Paul A. LaViolette holds degrees in systems science and physics and an ardent catastrophist. He has published many books and articles on physics, astronomy, climatology and psychology. He lives in New York and has an interest in metaphysics, mysticism and music. His book on catastrophism[432] has an extensive section on Atlantis. He accepts that the destruction of Atlantis coincided with the end of the Ice Age around 9600 BC agreeing with the date given by Plato in his dialogues. However, LaViolette
insists that the story must be taken metaphorically and on two levels. In the first metaphor he sees Atlantis as the ice sheet that once covered North America, which bordered on the Atlantic north west of the Pillars of Heracles. This glacier was linked to the European ice cover extending as far as Tyrrhenia as noted by Plato. However, he does not explain Plato’s reference to ‘Atlantis’ also extending to Libya, where there is no evidence of glaciation during the last Ice Age. The second metaphor has Atlantis in Critias representing ‘the first particle of matter that arose at the dawn of creation’! In another of his books[433] LaViolette expands on this where he links not only Atlantis, but also other creation myths with the nature of subatomic matter.

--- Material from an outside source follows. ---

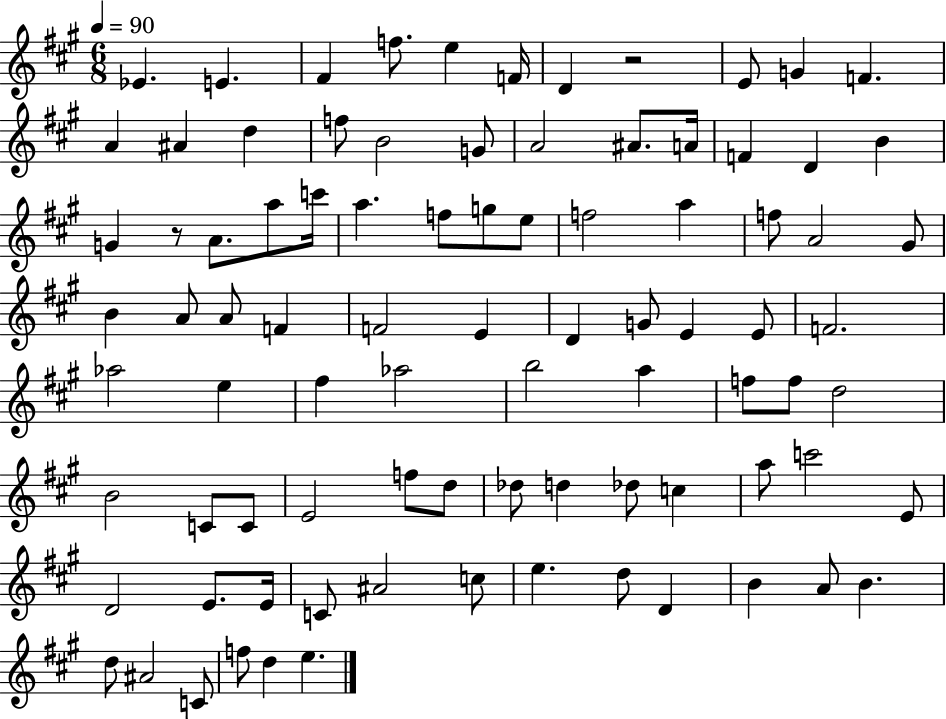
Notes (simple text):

Eb4/q. E4/q. F#4/q F5/e. E5/q F4/s D4/q R/h E4/e G4/q F4/q. A4/q A#4/q D5/q F5/e B4/h G4/e A4/h A#4/e. A4/s F4/q D4/q B4/q G4/q R/e A4/e. A5/e C6/s A5/q. F5/e G5/e E5/e F5/h A5/q F5/e A4/h G#4/e B4/q A4/e A4/e F4/q F4/h E4/q D4/q G4/e E4/q E4/e F4/h. Ab5/h E5/q F#5/q Ab5/h B5/h A5/q F5/e F5/e D5/h B4/h C4/e C4/e E4/h F5/e D5/e Db5/e D5/q Db5/e C5/q A5/e C6/h E4/e D4/h E4/e. E4/s C4/e A#4/h C5/e E5/q. D5/e D4/q B4/q A4/e B4/q. D5/e A#4/h C4/e F5/e D5/q E5/q.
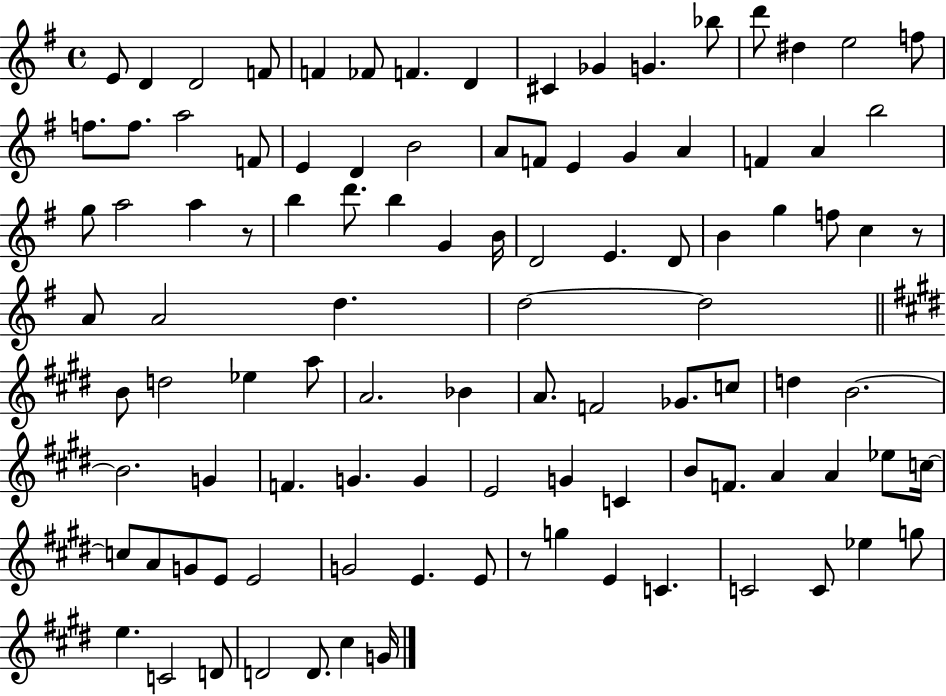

For anyone still interested, LaViolette has a website(a) outlining his radical ideas.
It is worth noting that LaViolette has ancient man possessing extensive knowledge, which he believes ‘requires that we considerably revise our ideas about the level of technical sophistication that our prehistoric ancestors had achieved’[432 p264]. However, classical writers such as Aristotle were quite ignorant of the fact that the earth revolved around the sun.